Autocar Professional reports that despite new models coming in, around 20% of electric two-wheeler dealers have shut down in India. The total number is down to 836 dealerships across the country.
All thanks to the FAME-II policy, new regulations for the battery type, range and top speed of the two-wheelers have come. If a model does not get approved by this scheme, it would not be eligible for a chunky rebate.
The FAME-II scheme is for the good of the manufacturers, who can get the prices of their models lowered once approved. The list includes Ather, Revolt Motors and Okinawa as well.

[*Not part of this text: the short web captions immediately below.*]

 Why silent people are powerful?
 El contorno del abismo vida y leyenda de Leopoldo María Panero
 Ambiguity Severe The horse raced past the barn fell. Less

However, for the other manufacturers, it is difficult to keep up with the process of developing their models to get approved. Some are in the process, while some are still continuing without the FAME-II scheme approval.
This has led to electric two-wheeler dealers shutting down their shops. Another big reason is the low sales of EVs in India. There are a lot of brands in India that offer EVs, which are affordable as well as premium.
Undeveloped infrastructure, poor sales and lack of EV knowledge are prime factors of the low popularity. There are very few charging stations and since some companies are startups, their service is not up to point.
With the budget 2019, we can expect some ease on the EV sector. Automakers are bidding for the reduction of GST rate on lithium-ion batteries and other components from 18% to 12%.
With time, main stream two-wheeler manufacturers are also coming up with their electric two-wheelers. Bajaj, TVS and Suzuki are currently working on one. Hero Motocorp already has a range in the market.